▸ TASK OBJECTIVE:
An exact copy of the data is needed, one that excludes all pictures.

▸ SOURCE DATA:

::::::

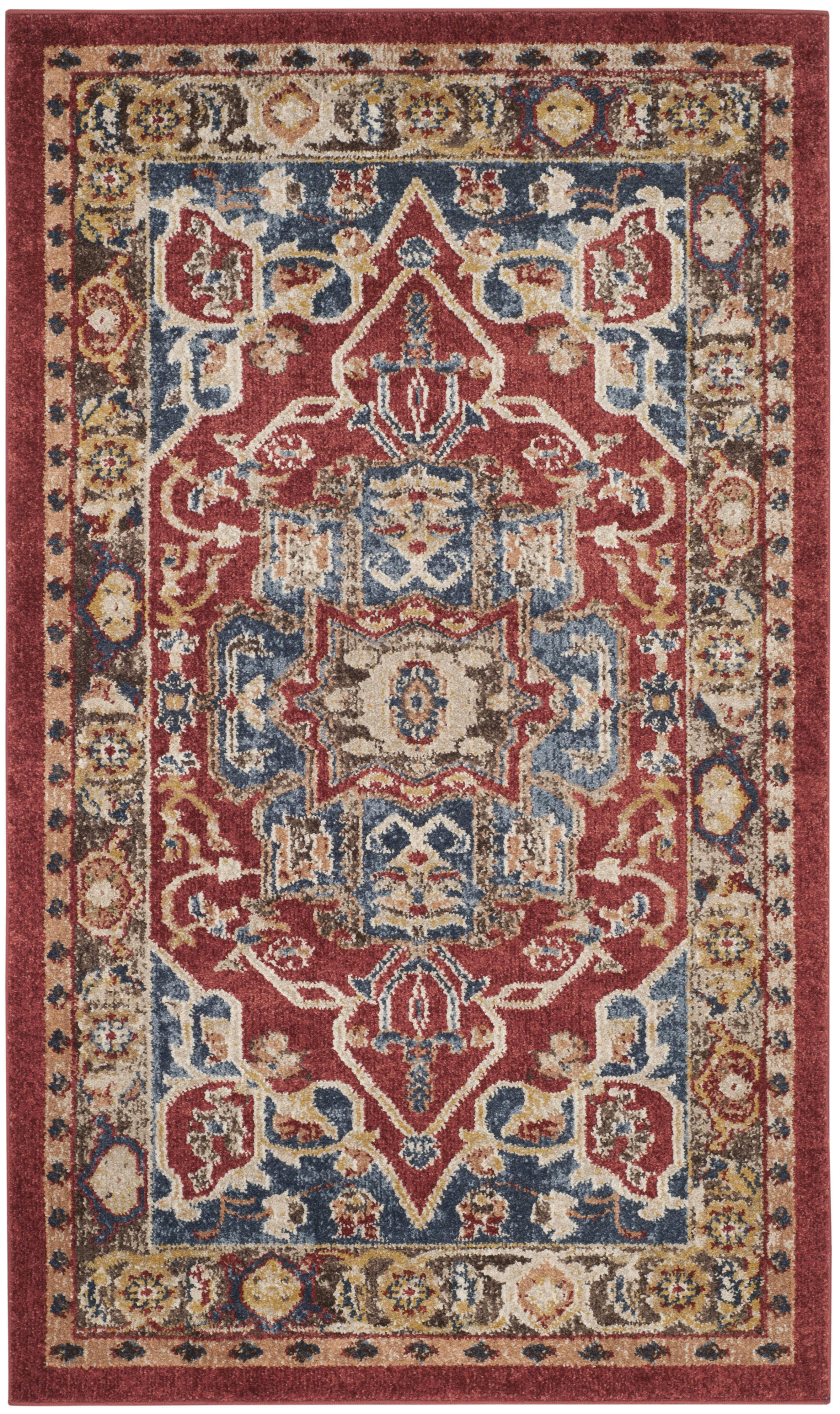 BIJAR - Tapis de salon interieur en rouge & bleu roi, 91 x 152 cm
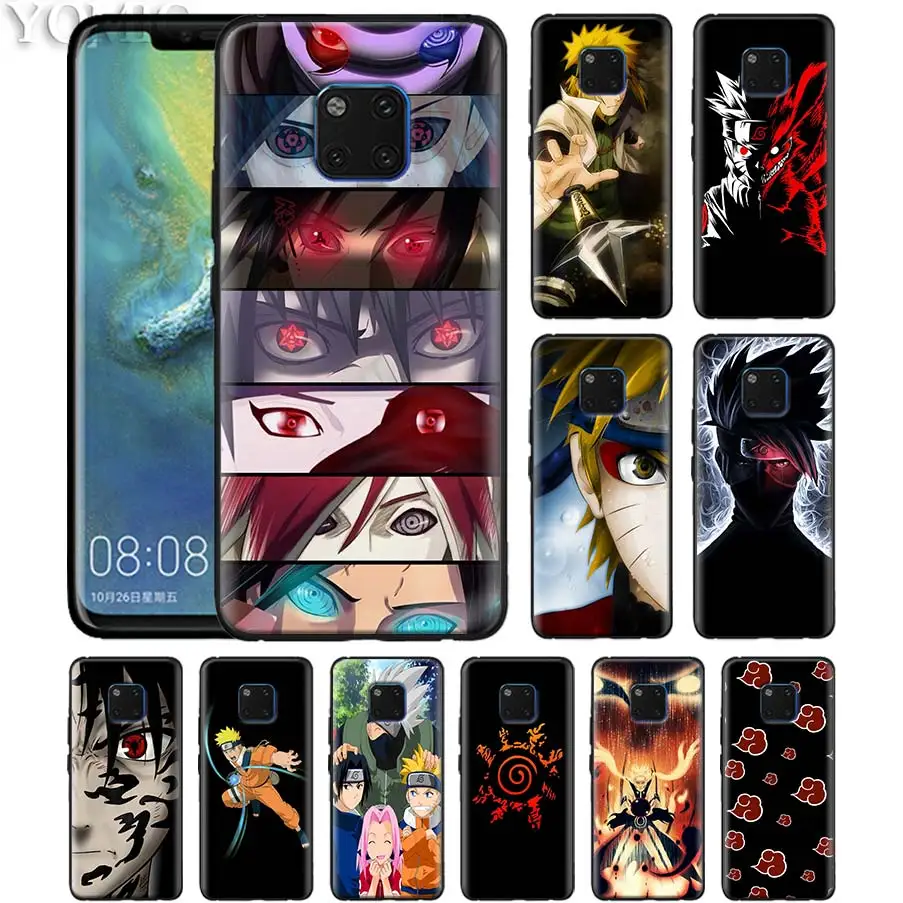

Anime Naruto Uzumaki Sasuke Black Silicone Case for Huawei Mate 20 Lite 10 20 Pro P20 P30 Lite P Smart Plus Y9 2019 Cover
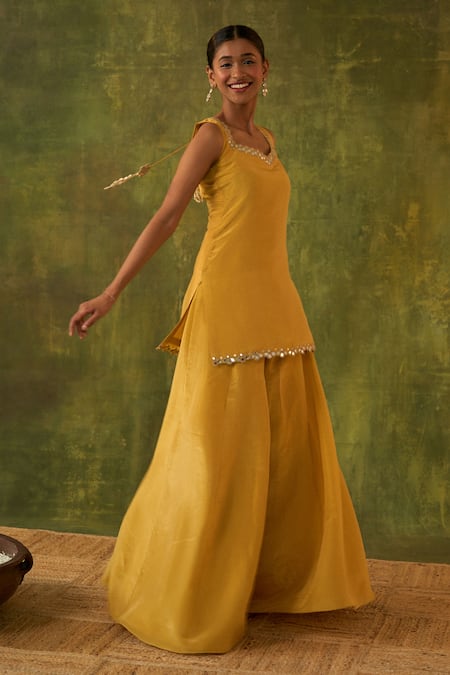 Buy_Bhawna Sethi_Yellow Silk, Organza, Cotton Mirrors, Zari, Ashvini Hand Kurta Sharara Set _Online_at_Aza_Fashions
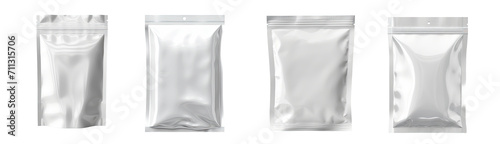 Set of aluminum blank foil food pack bag packaging collection illustration isolated transparent background, . PNG, cutout, or clipping path.	
,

::::::

▸ ANSWER AREA:
 BIJAR - Tapis de salon interieur en rouge & bleu roi, 91 x 152 cm

Anime Naruto Uzumaki Sasuke Black Silicone Case for Huawei Mate 20 Lite 10 20 Pro P20 P30 Lite P Smart Plus Y9 2019 Cover
 Buy_Bhawna Sethi_Yellow Silk, Organza, Cotton Mirrors, Zari, Ashvini Hand Kurta Sharara Set _Online_at_Aza_Fashions
 Set of aluminum blank foil food pack bag packaging collection illustration isolated transparent background, . PNG, cutout, or clipping path.	
,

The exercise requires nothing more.